The first step usually encompasses geometric correction, co-registration, and denoising. The purpose is to geographically align the bi-temporal images, as well as to suppress the noise. In the second step, the differences between the dual-temporal images are compared pixel by pixel in order to obtain the difference image (DI) representing the change level. The third step is to discriminate the DI into two groups: “changed” and “unchanged”. The DI generation step and CM generation step are widely emphasized in the study.
In the context of SAR change detection, the suppression of speckle noise by the ratio-based method is an important research trend. In the DI generation step, the main approaches are the ratio detector (RD) [
8] and the log-ratio detector (LRD) [
9]. For isolated noise pixels, a mean-ratio detector (MRD) [
10] incorporating neighborhood information was developed to find changes by the ratio of the mean values of local patches. Additionally, other advanced ratio-based detectors, such as the neighborhood-based ratio detector [
11] and the region likelihood ratio detector [
12], have been developed to address specific situations.
Later, the combined difference image (CDI) was proposed to enhance detection by fusing the LRD and the MRD. It is based on the consensus that different detectors target different differences. In the work of Ma et al. [
13], the authors performed wavelet transforms on the LRD and the MRD and then extracted their high- and low-frequency components, respectively. The final DI was reconstructed by fusing LL, LH, HL, and HH under a neighborhood-based fusion rule. Zheng et al. [
14] fused the subtraction DI and the log-ratio DI by experimental trial and error, allowing region consistency and edge information to be retained. In [
15], the authors proposed a novel fusion strategy based on the discrete wavelet transform (DWT). The study explored the rule of selecting the weight averaging for the low frequency and the maximum local contrast coefficients for the high frequency. Experience showed that the CDI fusing the log-ratio DI and the Gauss-log ratio DI enhances the difference intensity of the changed area. Later, the work by Gong et al. [
16] extended the fusion techniques by constructing intensity–texture difference images (ITIDs). The ITID includes the intensity DI (IDI) and the texture DI (TDI), which are generated by the log-ratio detector and Garbo filter banks. Innovatively, the multivariate generalized Gaussian distribution (MGGD) is employed to fit the joint probability (IDI, TDI), which is used as a prior term in the graph cut. Recently, Wang et al. [
17] fused superpixel-level affinities and pixel-level heterogeneous affinities to enhance the multi-scale properties for SAR change detection.

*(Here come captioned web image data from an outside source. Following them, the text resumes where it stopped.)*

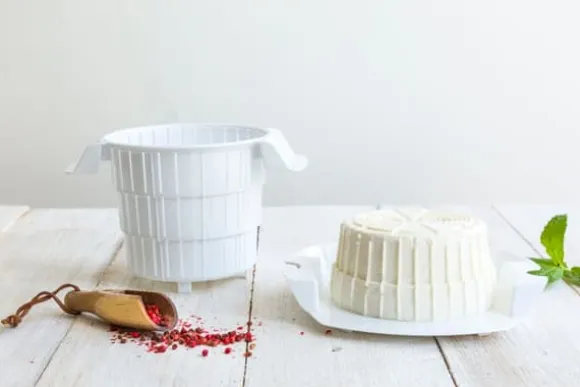 Borner Cheesemaker & Multimaker med fräscht lock, sikt salladsskål serveringsskål, gör din egen färskost hemma grön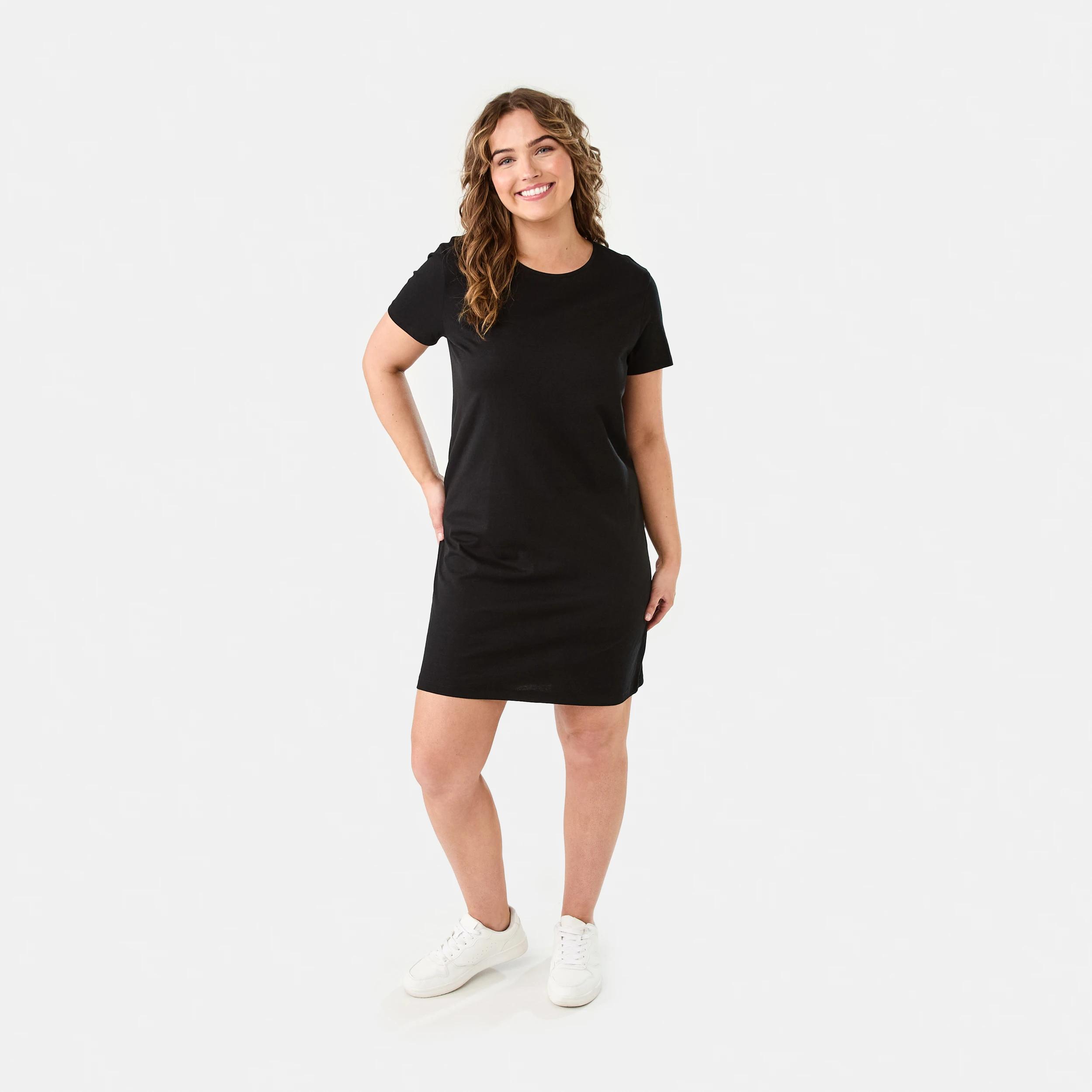 7 Short Sleeve Relaxed T-shirt Mini Dress BLACK, 7 of 7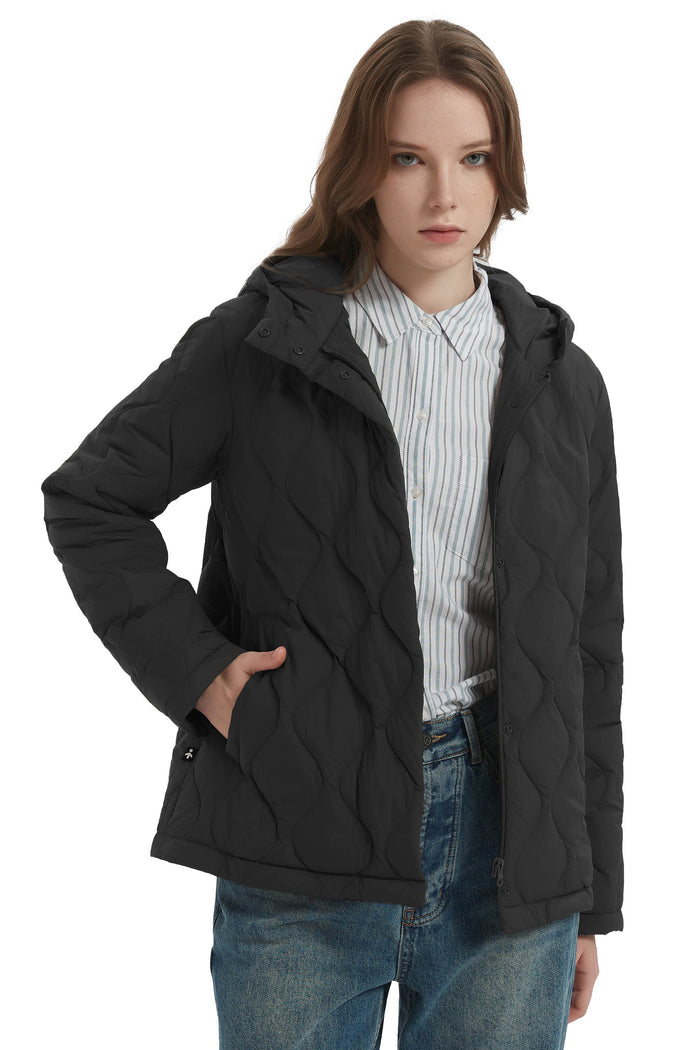 Orolay Quilted Down Jacket Lightweight Hooded #color_black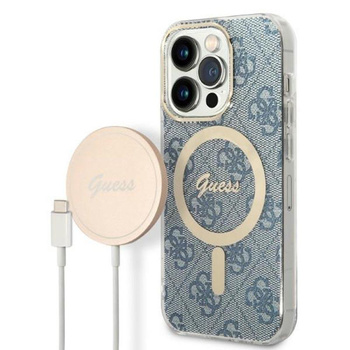 Guess Bundle Pack MagSafe 4G - pouzdro MagSafe pro iPhone 14 Pro Max + sada nabíječky (modrá/zlatá)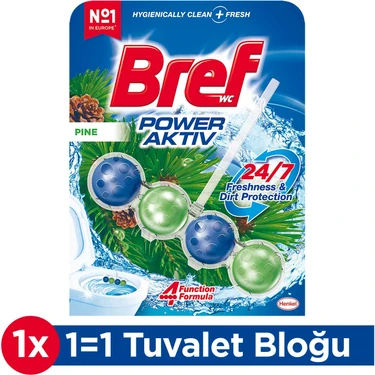 Bref WC Power Active Çam Kir&Kireç Önleyici & Koku Giderici Katı Klozet Temizeme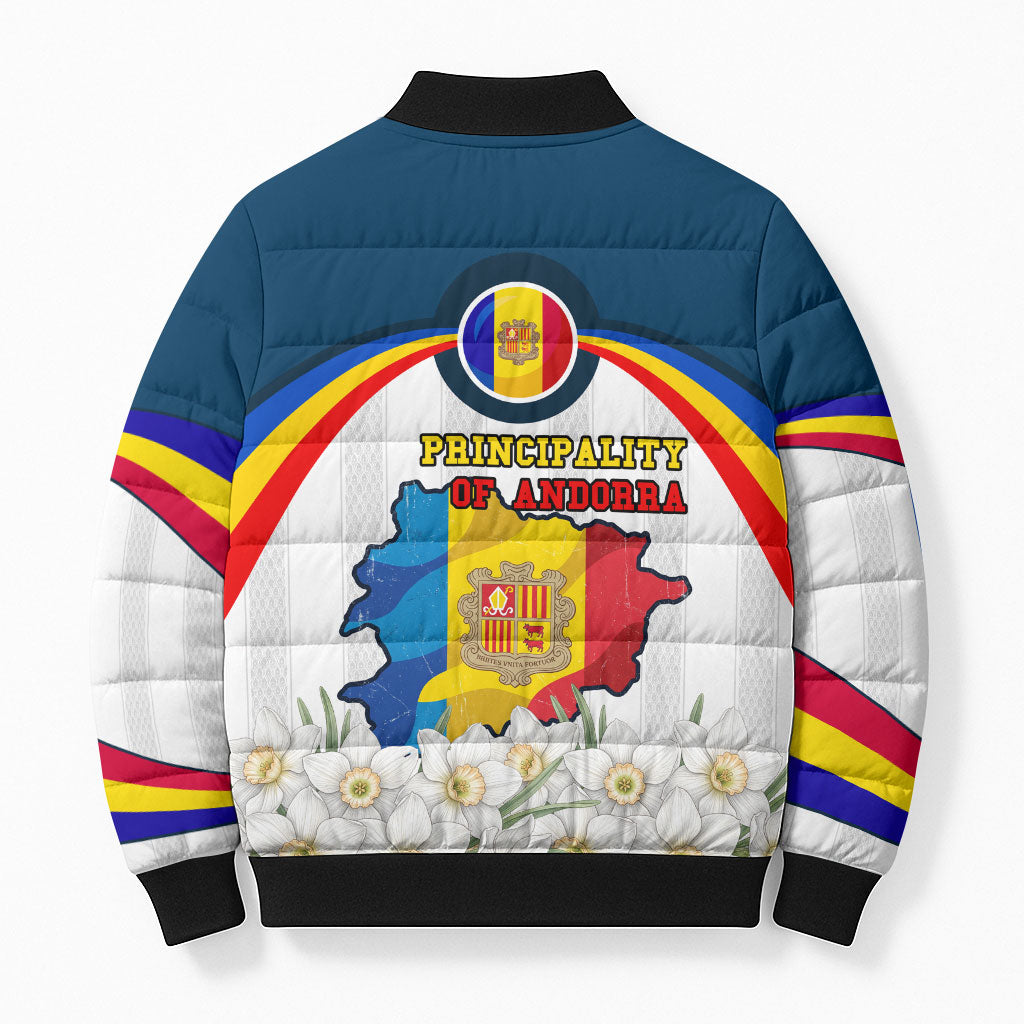 Andorra Independence Day Bomber Puffer Jacket Freedom Grandella Narcissus Falcon Map Flag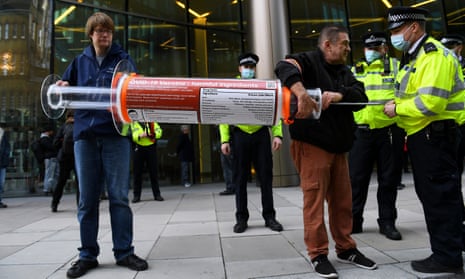 Anti-vaccine protesters in London.
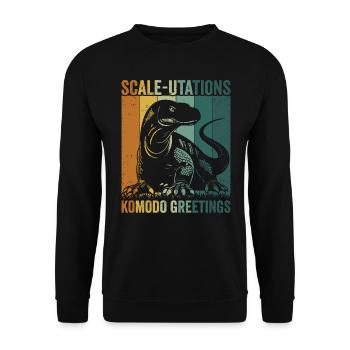 Scale-utations Komodowaran-besitzer Wildtiere - Unisex Pullover - Schwarz - Vorne - Alina (178cm) & Michal (187cm)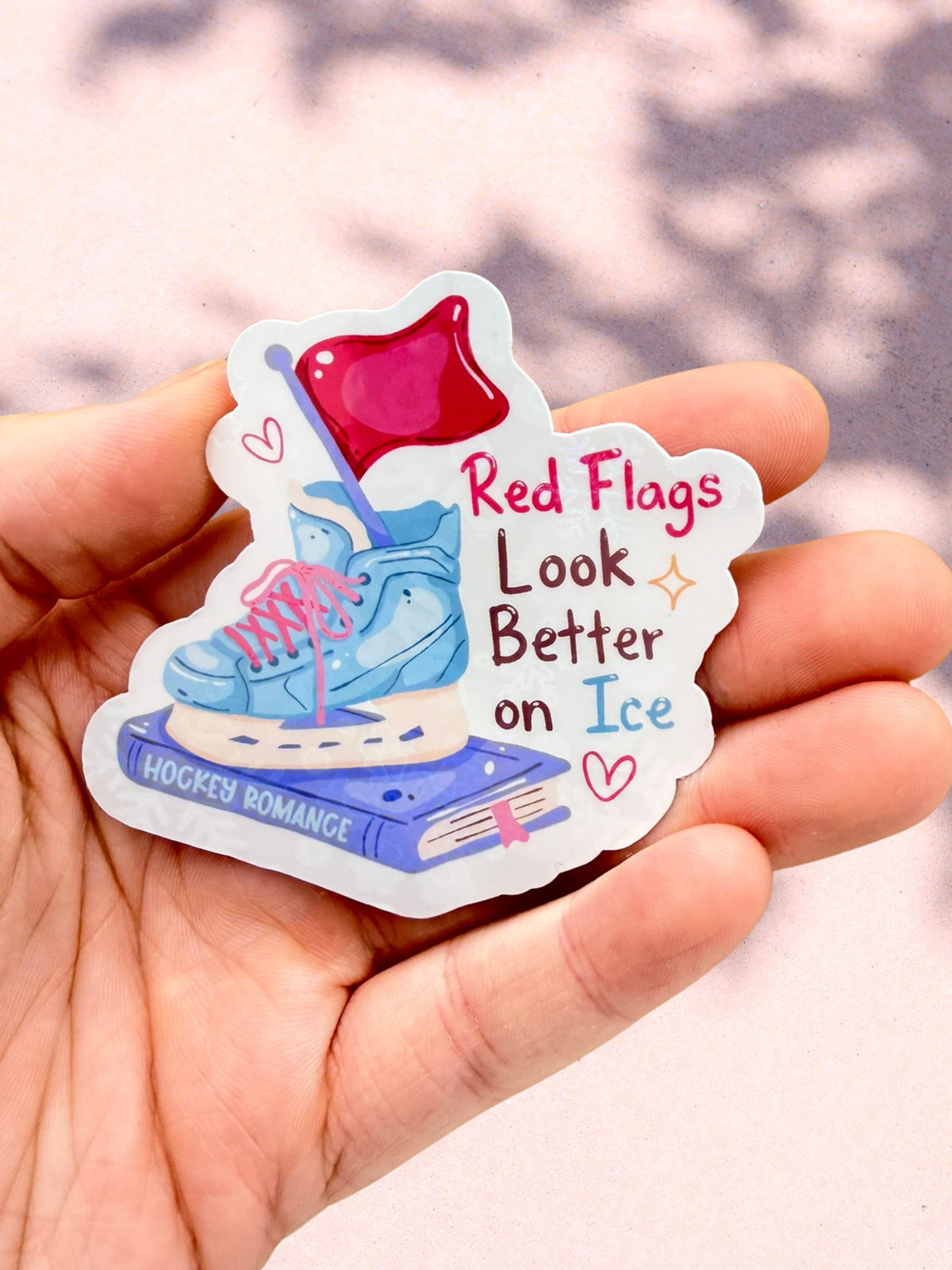 Red Flags Look Better on Ice Sticker | Hockey Romance Sticker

Despite the success of ratio-based methods on CD tasks, they are limited by the properties of first-order statistics and may still fail to detect changes when the average intensity of local neighborhoods remains constant [
10]. One possible solution is to use sliding-window-based statistical analysis to consider higher-order neighborhood characteristics. In this mode, changes are detected by measuring the difference of the statistical distribution of each pixel between dual-temporal images. A classical approach is the assumption of a Gaussian distribution under the KL divergence [
18]. Subsequently, a local image statistical series expansion method based on cumulants was proposed by Inglada and Mercier [
10] to substitute the Gaussian assumption. Immediately afterwards, Zheng and You [
19] proposed a projection-based Jeffrey detector (PJD) by replacing the KL divergence with the Jeffrey divergence. More similarity-based CD methods can be found in the work of Alberga [
20]. However, since the changes are not modeled, it is difficult to select the window size, which affects the misdetections and overdetections.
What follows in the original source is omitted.